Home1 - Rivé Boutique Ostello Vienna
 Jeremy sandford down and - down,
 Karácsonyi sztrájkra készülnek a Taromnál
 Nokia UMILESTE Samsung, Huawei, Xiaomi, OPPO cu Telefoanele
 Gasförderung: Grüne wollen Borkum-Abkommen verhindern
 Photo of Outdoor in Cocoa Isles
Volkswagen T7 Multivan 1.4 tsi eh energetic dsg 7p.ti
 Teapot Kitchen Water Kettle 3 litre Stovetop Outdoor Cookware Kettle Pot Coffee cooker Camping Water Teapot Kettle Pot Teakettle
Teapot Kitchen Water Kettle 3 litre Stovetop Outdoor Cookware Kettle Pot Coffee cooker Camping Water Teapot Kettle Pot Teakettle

__________________________________________________

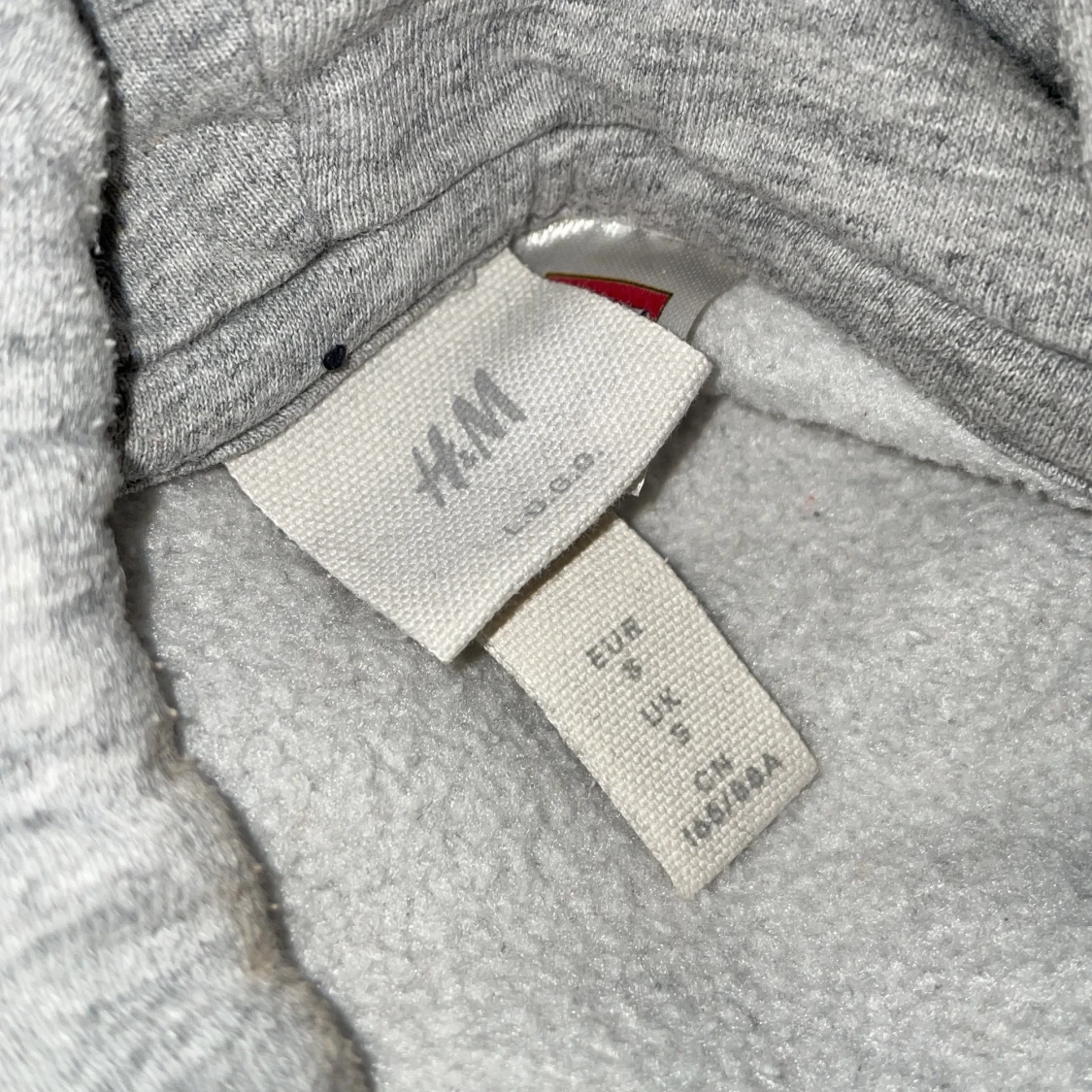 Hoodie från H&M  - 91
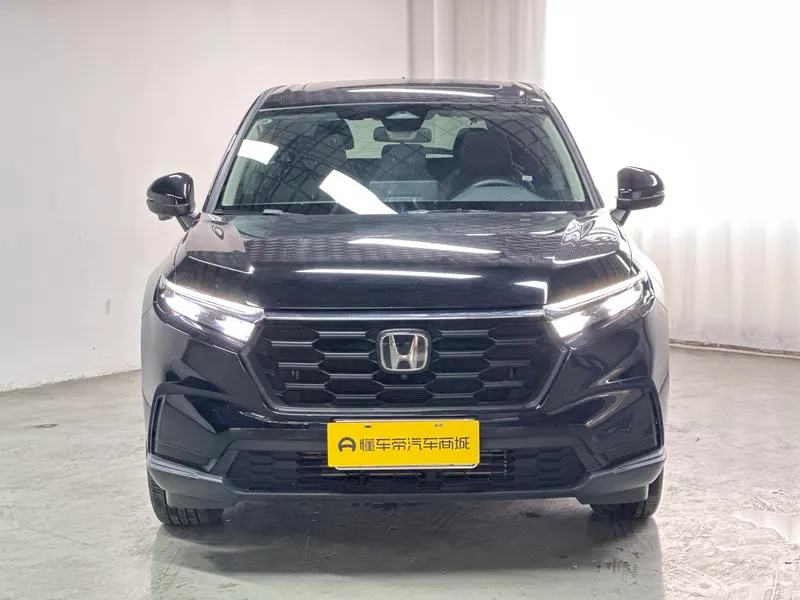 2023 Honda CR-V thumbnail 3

__________________________________________________

WORK ORDER: Transcribe the records above exactly, beginning at the line that contains "Home1 - Rivé Boutique Ostello Vienna" and ending with the line that contains "Photo of Outdoor in Cocoa Isles", both included, and nothing else.

ANSWER TO THIS PROBLEM:
Home1 - Rivé Boutique Ostello Vienna
 Jeremy sandford down and - down,
 Karácsonyi sztrájkra készülnek a Taromnál
 Nokia UMILESTE Samsung, Huawei, Xiaomi, OPPO cu Telefoanele
 Gasförderung: Grüne wollen Borkum-Abkommen verhindern
 Photo of Outdoor in Cocoa Isles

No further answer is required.